Certo potrà obiettare che qualcuno è riuscito a trovare il giusto equilibrio tra diritto alla salute e diritto al lavoro. Ci consenta di manifestare il nostro dissenso verso tale affermazione. Quello alla salute è un diritto fondamentale che la Repubblica ha il dovere di tutelare; quello al lavoro è solo un diritto che la Repubblica riconosce. Sarebbe come mettere su un piatto della bilancia un chilo di diamanti (la salute) e sull’altro un chilo di oro (il lavoro). I piatti restano in equilibrio perché i pesi posti su di essi sono uguali, ma di quanti chili di oro dovremo disporre per poter acquistare un chilo di diamanti? E’ il valore, Presidente, la discriminante. Al valore, e non al peso, bisogna innanzitutto guardare! La pari dignità, le libertà, la salute, la sicurezza, l’istruzione, ma anche l’ambiente e il paesaggio. Tutti valori garantiti dalla Costituzione italiana e negati a Taranto.

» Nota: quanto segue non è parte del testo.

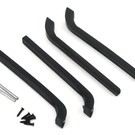 SRC Sideways RC SDW-ROOFRAIL  Sideways RC Scale Drift Roof Rails (4)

In più, è davvero incredibile che un territorio dichiarato S.I.N. (sito di interesse nazionale da bonificare a cura del Governo italiano) continui ad essere appestato sempre più da inquinamento industriale consentito dallo stesso governo. E’ la riprova, qualora ce ne fosse ancora bisogno, di quanto il potere politico sia succube del potere economico, al punto da giustificare malattie e morti in nome di un fantomatico P.I.L., che risulta, alla fine, negativo, se si tiene conto di quanto se ne deve usare per porre rimedio ai danni sanitari ed ambientali causati dall’acciaieria. Oppure dobbiamo pensare che non c’è alcuna intenzione di ripagare Taranto e i tarantini?
Quanto vale, allora, la sentenza emessa dalla Corte europea per i Diritti umani (CEDU) che ha ritenuto lo Stato italiano colpevole di non aver tutelato e non aver rispettato la vita privata e famigliare dei tarantini e non aver consentito loro, per mezzo dei decreti salva-ILVA, di avvalersi del diritto ad un ricorso effettivo, condannandolo a porre rimedio nel più breve tempo alla situazione che lo stesso Stato ha creato a Taranto?
A questo è stata portata l’Italia, il “bel Paese”.
La promulgazione equivale ad affermare “questa legge è costituzionale”, mentre noi pensiamo che una immunità rompa il principio di uguaglianza e di pari dignità e che, quindi, questa legge sfregi la Costituzione. Presidente Mattarella, non avvalersi, in questo caso, dell’art. 74 della Costituzione italiana ha fatto di lei, come nei titoli di testa di un film, il protagonista principale di questo nuovo decreto, di questa nuova condanna per gli italiani di Taranto. Se quello italiano fosse un popolo dignitoso, già sarebbe insorto in difesa di quel libro pieno di regole che è costato la vita di decine di migliaia di connazionali, durante la resistenza che portò alla liberazione.
E’ destino di questa nazione raggiungere vette altissime e poi ricadere sempre più giù, fino a sprofondare nella vergogna.